GOAL OF THE EXERCISE
Where in the records does the word "para" occur? Copy each line in which it does.

RECORDS FOR THE EXERCISE
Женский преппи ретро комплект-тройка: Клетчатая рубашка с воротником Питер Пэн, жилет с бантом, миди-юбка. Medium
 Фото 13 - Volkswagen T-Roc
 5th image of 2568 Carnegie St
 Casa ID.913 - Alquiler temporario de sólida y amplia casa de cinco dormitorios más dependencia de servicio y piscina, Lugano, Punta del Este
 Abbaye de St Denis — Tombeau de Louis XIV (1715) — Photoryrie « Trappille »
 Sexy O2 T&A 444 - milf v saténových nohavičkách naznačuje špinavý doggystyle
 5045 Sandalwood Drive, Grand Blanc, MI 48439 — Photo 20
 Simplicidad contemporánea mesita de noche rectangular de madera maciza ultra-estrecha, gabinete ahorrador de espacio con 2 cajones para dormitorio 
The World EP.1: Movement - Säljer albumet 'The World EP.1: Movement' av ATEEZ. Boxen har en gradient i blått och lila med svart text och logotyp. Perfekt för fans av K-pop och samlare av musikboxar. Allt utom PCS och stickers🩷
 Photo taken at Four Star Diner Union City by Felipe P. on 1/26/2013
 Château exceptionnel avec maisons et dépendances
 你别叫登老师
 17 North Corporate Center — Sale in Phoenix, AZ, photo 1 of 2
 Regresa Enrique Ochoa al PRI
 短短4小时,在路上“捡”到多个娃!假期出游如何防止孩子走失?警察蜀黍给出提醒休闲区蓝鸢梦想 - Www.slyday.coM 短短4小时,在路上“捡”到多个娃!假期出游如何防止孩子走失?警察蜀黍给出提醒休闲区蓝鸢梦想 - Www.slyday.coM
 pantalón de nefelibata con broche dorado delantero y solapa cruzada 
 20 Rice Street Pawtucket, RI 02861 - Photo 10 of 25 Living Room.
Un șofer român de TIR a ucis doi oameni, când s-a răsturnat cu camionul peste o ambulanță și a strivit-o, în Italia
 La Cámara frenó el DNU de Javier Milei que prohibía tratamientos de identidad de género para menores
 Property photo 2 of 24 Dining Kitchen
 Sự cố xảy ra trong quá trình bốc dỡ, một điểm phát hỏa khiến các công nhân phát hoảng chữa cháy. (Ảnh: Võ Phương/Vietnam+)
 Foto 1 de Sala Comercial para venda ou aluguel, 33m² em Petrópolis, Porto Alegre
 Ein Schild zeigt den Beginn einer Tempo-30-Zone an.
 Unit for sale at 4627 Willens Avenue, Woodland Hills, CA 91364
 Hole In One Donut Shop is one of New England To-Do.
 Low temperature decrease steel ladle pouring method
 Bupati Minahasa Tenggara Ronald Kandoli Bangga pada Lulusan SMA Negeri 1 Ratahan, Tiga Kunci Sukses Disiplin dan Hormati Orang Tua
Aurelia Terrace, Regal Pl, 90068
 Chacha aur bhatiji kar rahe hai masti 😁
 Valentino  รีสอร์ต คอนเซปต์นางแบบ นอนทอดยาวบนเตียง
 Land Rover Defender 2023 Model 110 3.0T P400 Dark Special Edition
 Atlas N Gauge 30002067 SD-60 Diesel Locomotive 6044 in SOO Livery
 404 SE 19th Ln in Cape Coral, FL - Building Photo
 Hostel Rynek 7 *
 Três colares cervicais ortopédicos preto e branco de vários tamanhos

OUTPUT OF THE EXERCISE
 Simplicidad contemporánea mesita de noche rectangular de madera maciza ultra-estrecha, gabinete ahorrador de espacio con 2 cajones para dormitorio 
 La Cámara frenó el DNU de Javier Milei que prohibía tratamientos de identidad de género para menores
 Foto 1 de Sala Comercial para venda ou aluguel, 33m² em Petrópolis, Porto Alegre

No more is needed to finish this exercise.